Transcribe the full listing exactly, and drop every picture.

• [Material provided]
*** Block opens ***
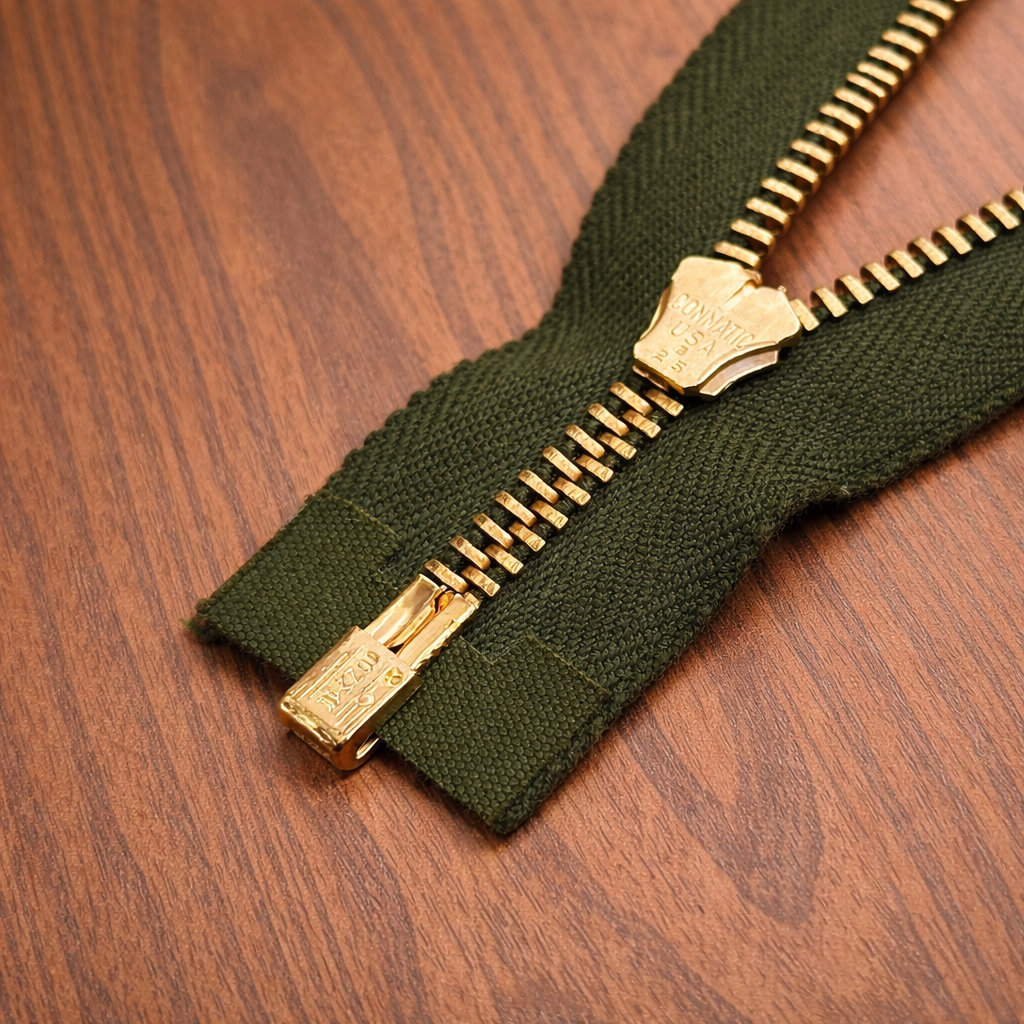 Vintage 1950s Conmar Conmatic Metal Separating Zipper – 19” Green | NOS Brass Teeth | Jacket & Coat Replacement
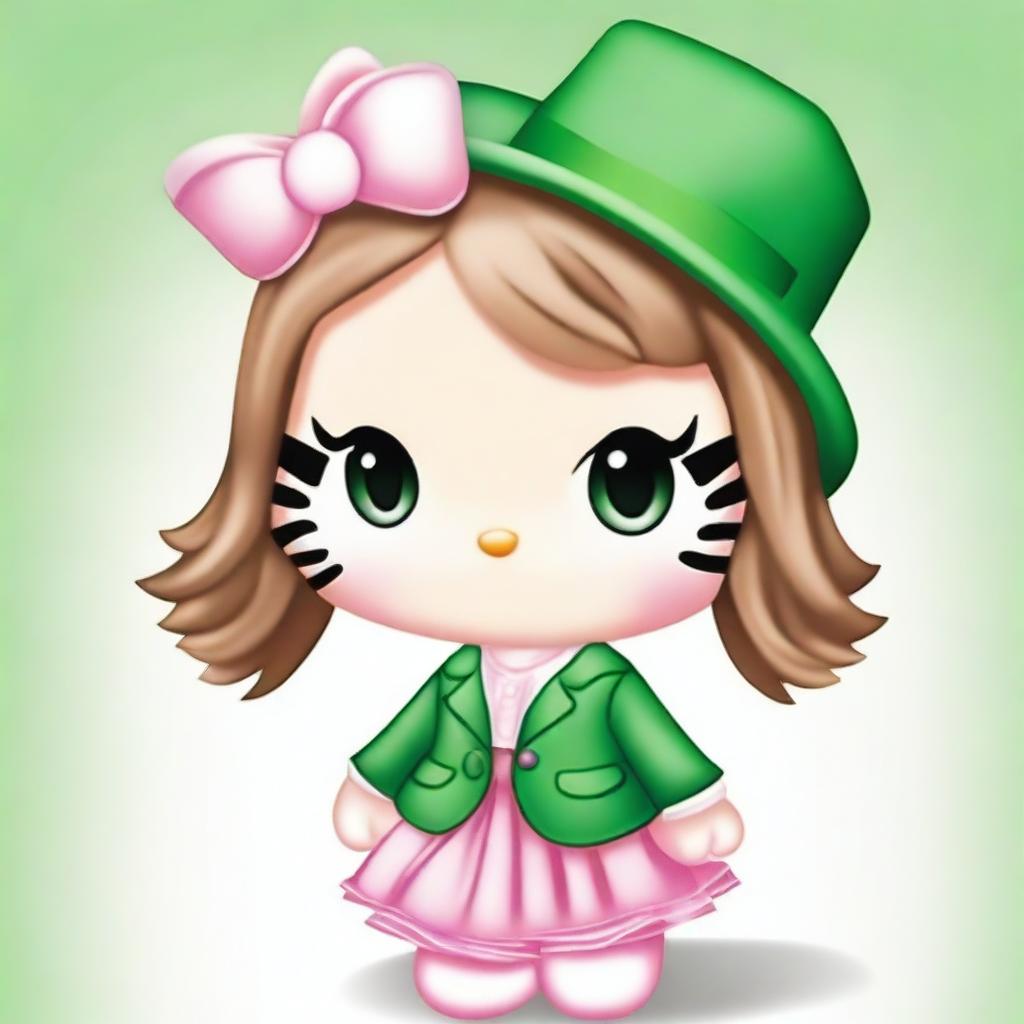 A charming illustration of Hello Kitty with light brown hair and green eyes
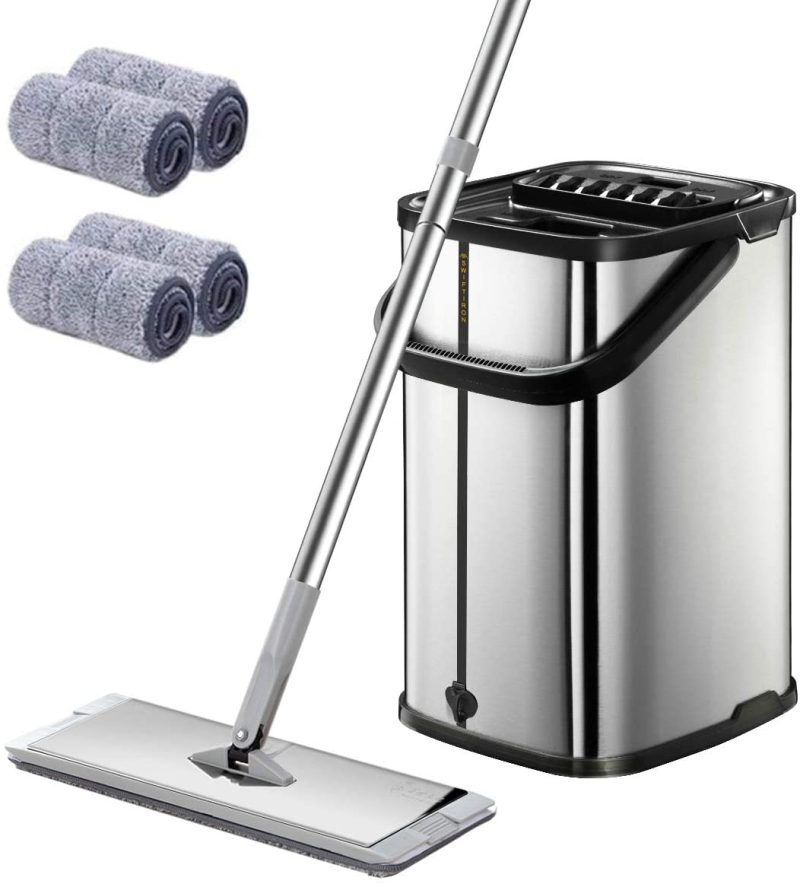 Cleaning Supplies |  Silver Squeeze Flat Floor Mop And Bucket Set, Stainless Steel Handle Adjustable, 4 Washable & Reusable Microfiber Mop Pads, Professional Commercial Home Mops For Floor Cleaning Cleaning Supplies Cleaning Supplies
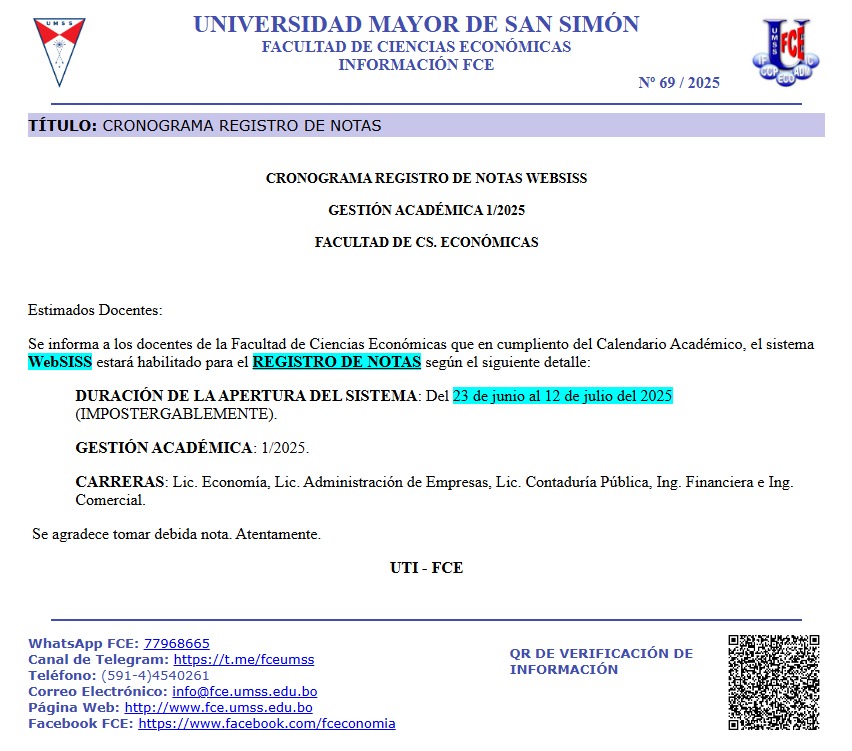 Comunicado - registro notas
*** Block closes ***
• [Answer to this task]
 Vintage 1950s Conmar Conmatic Metal Separating Zipper – 19” Green | NOS Brass Teeth | Jacket & Coat Replacement
 A charming illustration of Hello Kitty with light brown hair and green eyes
 Cleaning Supplies |  Silver Squeeze Flat Floor Mop And Bucket Set, Stainless Steel Handle Adjustable, 4 Washable & Reusable Microfiber Mop Pads, Professional Commercial Home Mops For Floor Cleaning Cleaning Supplies Cleaning Supplies
 Comunicado - registro notas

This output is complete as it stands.